[INPUT RECORDS Boundary: Start]

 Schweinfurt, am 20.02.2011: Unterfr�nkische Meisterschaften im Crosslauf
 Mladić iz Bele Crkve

[INPUT RECORDS Boundary: End]
[INPUT RECORDS Boundary: Start]

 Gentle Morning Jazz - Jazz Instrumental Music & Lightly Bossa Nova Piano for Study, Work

[INPUT RECORDS Boundary: End]
[INPUT RECORDS Boundary: Start]

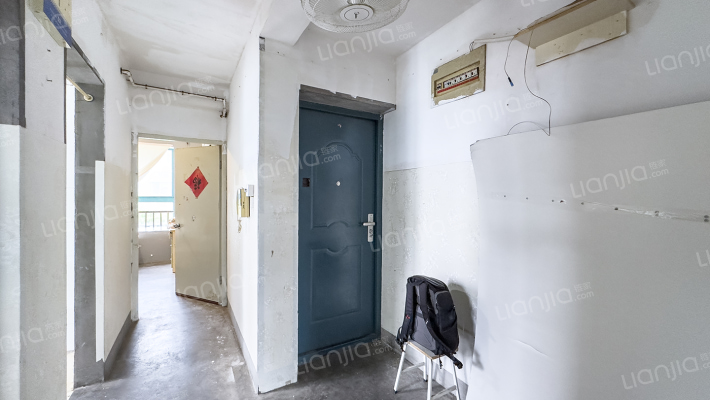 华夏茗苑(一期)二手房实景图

[INPUT RECORDS Boundary: End]

In the entries above, find the line holding "Schweinfurt, am 20.02.2011: Unterfr�nkische" and the line holding "Mladić iz Bele Crkve", then retype exactly those two lines and every line between them, and nothing else.

 Schweinfurt, am 20.02.2011: Unterfr�nkische Meisterschaften im Crosslauf
 Mladić iz Bele Crkve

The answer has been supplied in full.